More solipsist drivel, disguised as academic grandiloquent jargon: Chris Fujiwara's take on Bordwell's article. That explains the lax standards in English language film literature... Mediocrity is encouraged, condoned by the establishment and published! Stealing ideas (often misusing them too), disrespecting intertextual conversations and intellectual honesty. 

F: "[..] humanities departments across the USA (Bordwell’s tacit scope of reference throughout the piece) [..] The ramifications of “Grand Theory,” together with other parts of Bordwell’s argument here, were developed at more length in his “Contemporary Film Studies and the Vicissitudes of Grand Theory,” an essay included in the 1996 Post-Theory: Reconstructing Film Studies" 
Don't you feel smart now? (What was his apologetic introduction already, quoted at the top of my post?)

Farber: "It’s practically worthless for a critic. The last thing I want to know is whether you like it or not; the problems of writing are after that. I don’t think it has any importance; it’s one of those derelict appendages of criticism.
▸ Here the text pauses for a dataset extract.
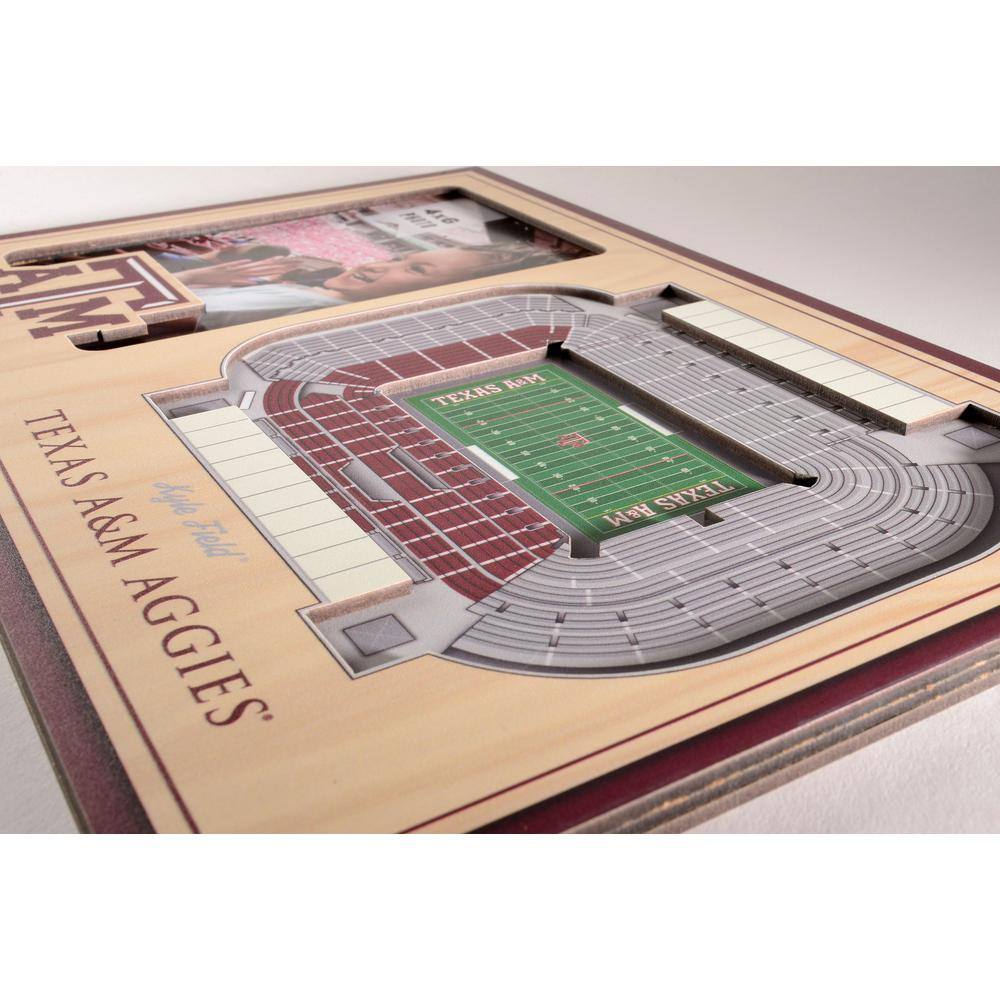 YouTheFan NCAA Texas A&M Aggies Team Colored 3D StadiumView with 4 in. x 6 in. Picture Frame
Criticism has nothing to do with hierarchies."
Then he cites Farber, without any critical reading. Farber falsely equated that proverbial "like it/like not" of the fully-subjective AUDIENCE, with the educated aesthetic evaluation of the CRITIC. Evaluation IS about hierarchies, and that is what differentiates their works from those of scholars. 
Fujiwara: "I’ve had more than one exchange with film-studies professors or grad students [..]"
Anecdotal fallacy.

F: " “textual analysis.” If I have difficulty accepting this label, it’s because I’m not sure that what’s in front of me on the screen, much less what I remember and contemplate later, is a text. A text is (1) a body of language [..]; (2) a body of language [..], determinable and anatomizable; but what mainly draws cinephiles to cinema may be the instability and evanescence of its forms, rather than anything that ever becomes solid; (3) something objective [..]"
He oversimplifies and butchers the age-long scholar debate around text/language. Besides it is not what explains the "close analysis" nature of criticism... A responsible editor would have cut this part out.
He switches between what "cinephiles" or "critics" want from movies, to justify what defines film criticism.  
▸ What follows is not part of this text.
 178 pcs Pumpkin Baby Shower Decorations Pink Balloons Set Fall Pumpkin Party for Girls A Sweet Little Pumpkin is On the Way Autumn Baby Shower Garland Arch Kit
F: "Not an object, but a process, and not the process as an object, but the process as what the critic, too, is inside. This is neither “textual analysis” nor “evaluation.”"
Is this what you call "good writing"??? Is it the best you can do to prove film criticism is a literary art?

F: "Auteurism, after spending much of the 1980s and 1990s in disrepute [..] As for cinephilia, its recent emergence as a legitimate object of academic study [..]"

F: "Moreover, it’s not at all clear that cinephilia is necessary to film criticism."
LOL. So funny. You're shameless and funny: the royal road to populist success with uneducated crowds.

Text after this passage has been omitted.